Information supplied:

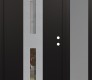 Modern Steel Front Door DIAMOND A6 48" X 80" BLACK/BLACK CLEAR GLASS PANEL STAINLESS STEEL LHI WITH SIDELITE FROSTED GLASS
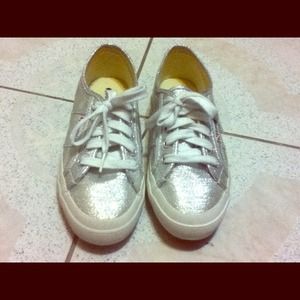 NWOT silver sneakers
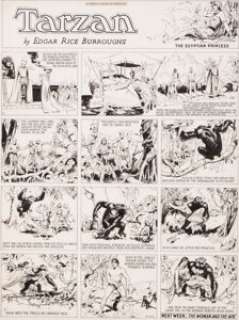 Hal Foster Tarzan Sunday Original Art dated 3-26-33 (United Feature Syndicate, 1933).  Harold R. (Hal) Foster -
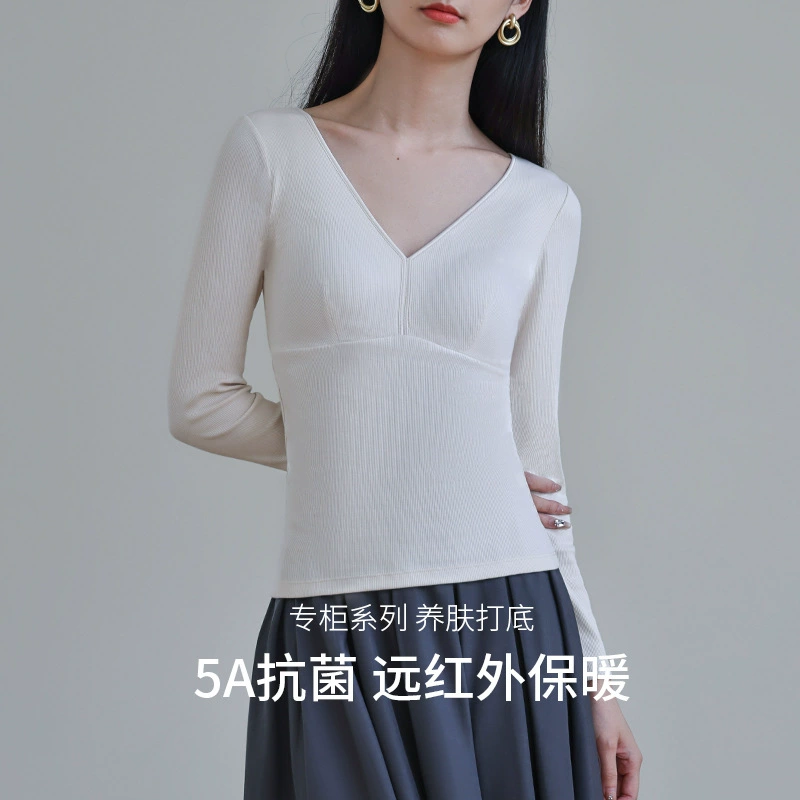 Женская Базовая рубашка с длинным инфракрасным излучением, осенне-зимняя одежда с подкладкой для груди, можно носить снаружи и внутри, приталенный женский топ с V-образным вырезом, облегающий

Problem to work on:
Would you set down, word for word, the lines running from the one that contains "Hal Foster Tarzan" to the last line of the material, omitting all pictures?

Your solution:
 Hal Foster Tarzan Sunday Original Art dated 3-26-33 (United Feature Syndicate, 1933).  Harold R. (Hal) Foster -
 Женская Базовая рубашка с длинным инфракрасным излучением, осенне-зимняя одежда с подкладкой для груди, можно носить снаружи и внутри, приталенный женский топ с V-образным вырезом, облегающий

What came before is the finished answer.